PROMPT: Please transcribe exactly the lines from the line holding "5月1/3日◆松峰山景区◆千" through the end of the data below, and skip any pictures.

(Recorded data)
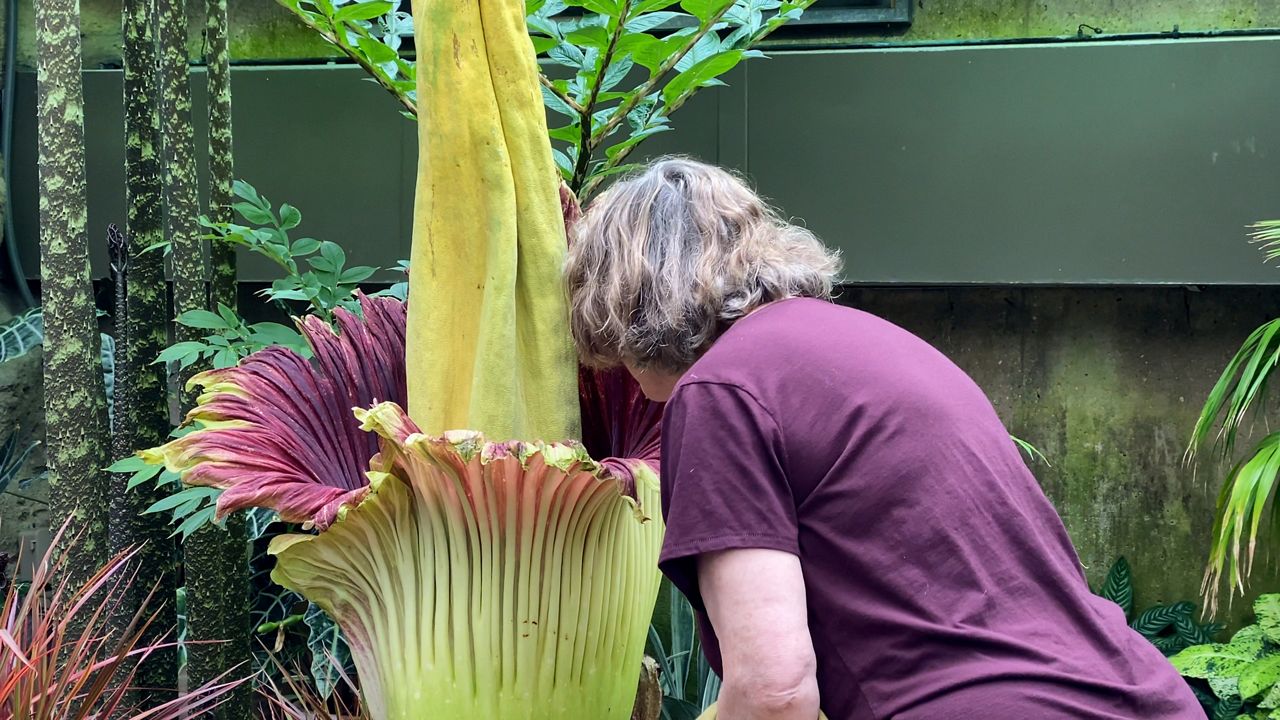 Corpse flower in bloom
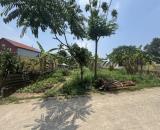 Bán Đất - Thắng Trí(Minh Trí)- 362m2 - 5 Tỷ - Đường Thông Ô Tô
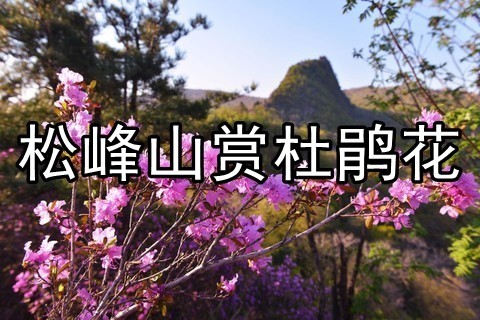  5月1/3日◆松峰山景区◆千年道教圣地◆赏达子香◆杜鹃花◆大饭店农家美食◆一日游【58元/含午餐+车费】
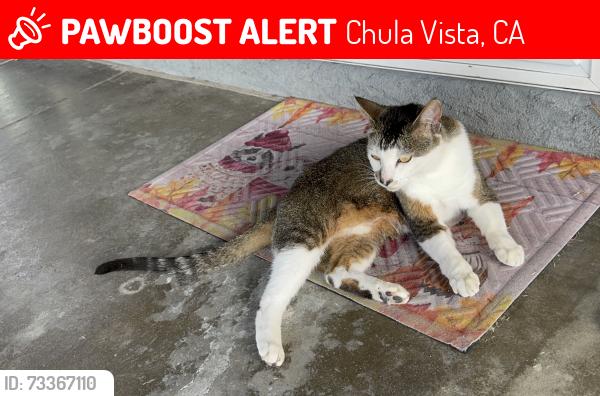 Lost Female Cat last seen Chula Vista Tesota Court, Chula Vista, CA 91911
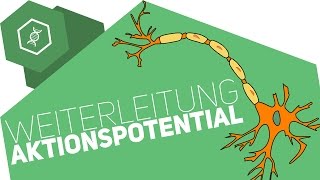 Weiterleitung des Aktionspotentials [upl. by Siramed]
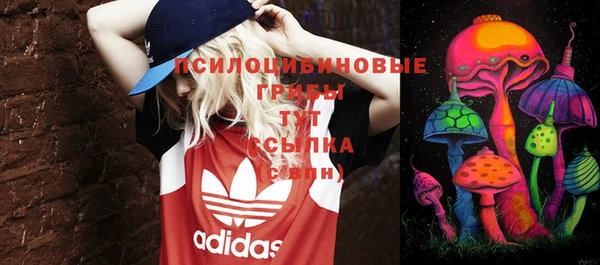 PSILOCYBIN Алексин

OUTPUT BELOW:
  5月1/3日◆松峰山景区◆千年道教圣地◆赏达子香◆杜鹃花◆大饭店农家美食◆一日游【58元/含午餐+车费】
 Lost Female Cat last seen Chula Vista Tesota Court, Chula Vista, CA 91911
 Weiterleitung des Aktionspotentials [upl. by Siramed]
 PSILOCYBIN Алексин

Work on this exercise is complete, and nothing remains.